So assuming this constant bar pressure is the culprit what to do?
If you hook in with the UDS you go from having a huge amount of depower to practically nothing - the UDS chicken loop travel is even less than the std bar setup.
I also find that I spend most of my time unhooked. I find that being hooked in kills the kites speed, therefore power, in the lulls (not to mention sacrificing the extra turning speed that the free bar gives right when you want it) & is too restrictive during gusts, which is the time when you want to depower.
So when do you hook in? When cruising in super steady winds or for short arm breaks, that's about all. I've tried tuning this effect out, but can't seem to find the right balance point to make staying hooked in worthwhile.
I haven't had any elbow issues.. err.. guest, but I feel that it shortens my sessions coz I just start losing upper body strength a lot quicker due to the constant strain. I hit that point where it takes both hands straining on one end of the bar to get the bugger to turn, then it's time to head in.
Every time I rig up lately I'm tossing up whether to go UDS or normal, whichever I choose I miss some aspects of the other.

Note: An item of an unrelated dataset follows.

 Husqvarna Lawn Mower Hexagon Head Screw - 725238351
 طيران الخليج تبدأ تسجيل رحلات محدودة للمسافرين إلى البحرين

I have been thru most of the old UDS posts on here without any joy. Any other UDS users got any tips? Anyone found a different bar that gives the best of both worlds?
I've been using UDS exclusively now for about a year and I agree and disagree with some of the points you guys have made. UDS allows much more room for error in edging if you are unhooked. With a normal setup when a gust hits you have to edge your ass off to keep control or lose your edge and fly downwind at 100 miles an hour. With UDS, when your unhooked and a gust hits you just let the bar out a little more and keep on cruising. In gusty unstable conditions I will fly unhooked most of the time, then hook in before jumping for the extra power. This does take more of a toll on your arms as they are constantly under strain, but I just see this as more of a work out, kind of a good thing. In stable, steady wind I'll hook in and ride that way no problem. I have not had any issues with handling of the kite while hooked in, this might be more of an issue with the kite itself. For me, UDS makes life much easier not having to worry about getting spanked in the gusts. The only thing is I think you do develop a bad habit of not having to absorb gusts with the board and your edging technique because if you ever decide to switch back to a normal setup, you'll lose the feature that UDS provides - ultimate depower.

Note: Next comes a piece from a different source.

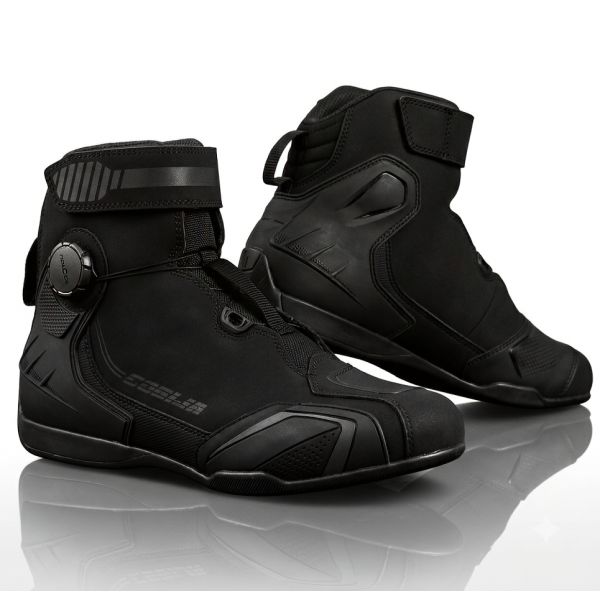 G-Force Vulcano Ventilerede Sommer Mc-Sko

Basically I think UDS was a good idea, but in its current form is not really an improvement over a classic chickenloop setup. Naish hasn't made UDS a part of its 2005 roll out, which probably has something to do with the stock piles of bars they never sold.

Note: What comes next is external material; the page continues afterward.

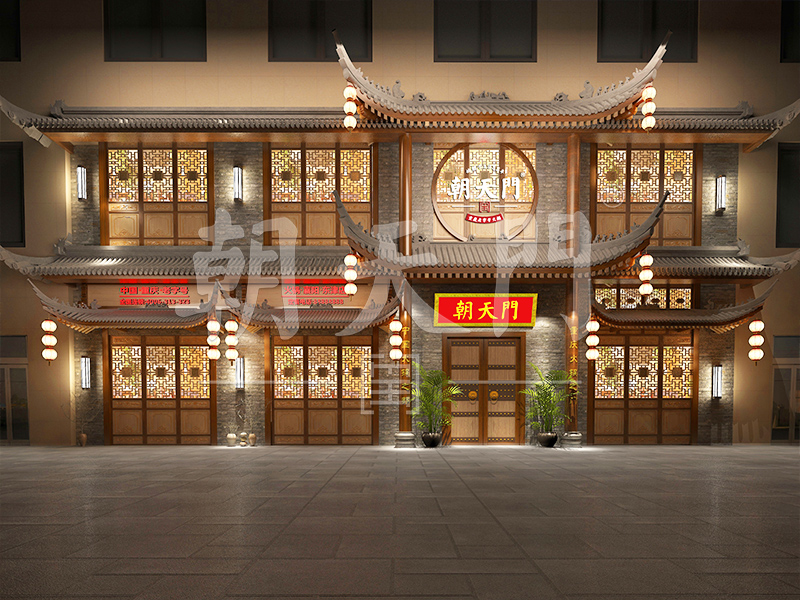 影響火鍋店客流量的因素有哪些？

I run into people who still love the system, but I encourage anyone who is a big fan of it to try and go back to your regular bar for awhile. If you want a lot of depower just rig your bar with an exceptionally long trim line. If you feel like you still need more depower than that, maybe time to get some kites with better depower or a shorter board.
I used UDS for awhile and was stoked on it at first, but after I switched back to my old bar for awhile I realized that the regular bar was much easier and let me focus more on my riding.
I re-read the link posted by Dax and it seemed that most of the guys who really like the UDS were using it with a really long back line setup. I rigged today using furthest back line attachment points on my bar, as well as attaching one knot closer to the kite on my front line pigtails (kite end). I flew with about 1/3 depower on the strap as well. This combination would probably have been too much on a more responsive kite but my old Aero 14 seems to have a long bar action between under & over sheeting... if that makes sense.
The wind wasn't all that steady in the 1-3pm time that I was out:
So how was it? Much improved! I found I was much more comfortable with the whole setup, and it worked more like how it was advertised. For some reason (contrary to expectations?) I was able to keep my arms more outstretched and yet lay back more, taking the strain off my arms and getting more edge at the same time. I was able to fly one-handed much more of the time (which I love) and hook in for breaks or jumping. I was finally nailing those super-powered carving transitions too, swinging the kite back low, laying back & dragging one arm, throwing up a huge wall of spray... wicked! I've never felt comfortable using the UDS like this before..
All in all I had an awesome session, which renewed my enthusiasm for the UDS .. just when I was about to give up on it! Cheers Dax for the post..
I've been using the set up for a while now on my biggest kites e.g Aero2 18 and now V4 20.
I agree that if your out of the loop you do get a lot of bar pressure, and on top of that you get a free feeling, lively bar that can lead to strains.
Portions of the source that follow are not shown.